La pandémie a exacerbé les situations de violence au sein des foyers. Mais comment aurait-il pu en être autrement ?
Dès le mois de mars 2020, des publications en Chine faisaient état d’une explosion des divorces et des violences au sein des foyers. Dans certaines provinces, les témoignages de violences domestiques étaient trois fois plus nombreux en février 2020 qu’à la même période les années précédentes. « Et dans 90 % des cas, les violences ont un lien avec la pandémie », selon le témoignage d’un ancien policier cité dans le journal Le Monde. En Île-de-France, le décès d’un enfant de 6 ans à l’hôpital Necker, à la suite de coups assénés par son père parce qu’il avait du mal à apprendre ses leçons, est intervenu le 30 mars, faisant craindre le pire pour la suite. Effectivement, l’extrême bouleversement du quotidien a eu des répercussions dramatiques pour les victimes de violence conjugale et intrafamiliale.
Des ruptures de prise en charge
Pour l’ensemble de la population, le premier confinement s’est doublé d’une angoisse de mort liée au virus et, malgré les messages rassurants des autorités, les patients n’ont pas osé consulter, persuadés que le simple fait de fréquenter l’hôpital ou les urgences les condamnait à être contaminés. Cette angoisse a également conduit les patients qui requéraient un suivi régulier à subir des ruptures de prise en charge, particulièrement graves dans les cas de cancer, de maladie chronique ou d’antécédent psychiatrique. Les consultations aux urgences ont beaucoup diminué même pour les enfants, pris en charge parfois bien trop tard pour une appendicite par exemple, devenue péritonite.
« L’état de stress post-traumatique s’est trouvé réactivé chez de nombreuses patientes migrantes qui avaient connu la prison sur leur parcours migratoire. »
Quant aux victimes de violence dans les foyers, l’état d’urgence sanitaire a exacerbé leurs difficultés. Alors qu’en temps normal elles peuvent sortir, aller chez le médecin, rencontrer les membres d’une association pour demander de l’aide, leur seule perspective dès l’annonce du confinement était un huis clos permanent avec leur agresseur. Les rares moments de répit, quand leur conjoint s’absente du domicile ou quand elles-mêmes peuvent s’en échapper un peu, avaient disparu. Plus grave, entre l’angoisse concernant le danger lié au virus et la honte de solliciter un système de santé déjà au bord de l’asphyxie pour « des choses moins importantes », elles ont presque toujours renoncé à consulter.
Les femmes n’avaient pas non plus l’excuse des enfants à récupérer à l’école ou à accompagner dans leurs diverses activités.
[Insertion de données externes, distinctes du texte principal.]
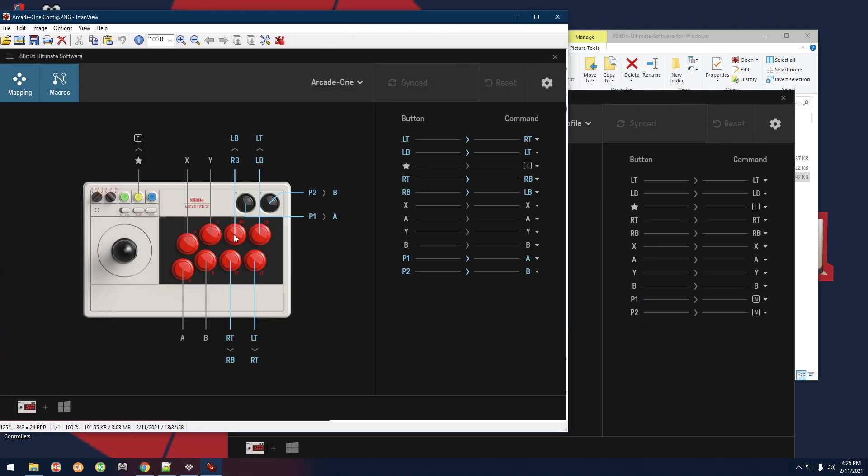This just means like, for example, this is right bumper originally and this is showing you that that has been remapped to now be left bumper. And this one is normally left bumper and it has now been remapped to be left trigger. It's really cool because you can remap this as much as you want.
Enfin, l’école, qui est un lieu de dépistage des violences et de signalement des informations préoccupantes, ne pouvait plus jouer ce rôle essentiel. Nous avons donc vu arriver en consultation des femmes portant des traces de coups, alors qu’elles faisaient une démarche pour avorter. Les appels pour des hébergements d’urgence ont été nettement plus fréquents, de même que les demandes d’aide alimentaire, de couches ou de laits maternisés.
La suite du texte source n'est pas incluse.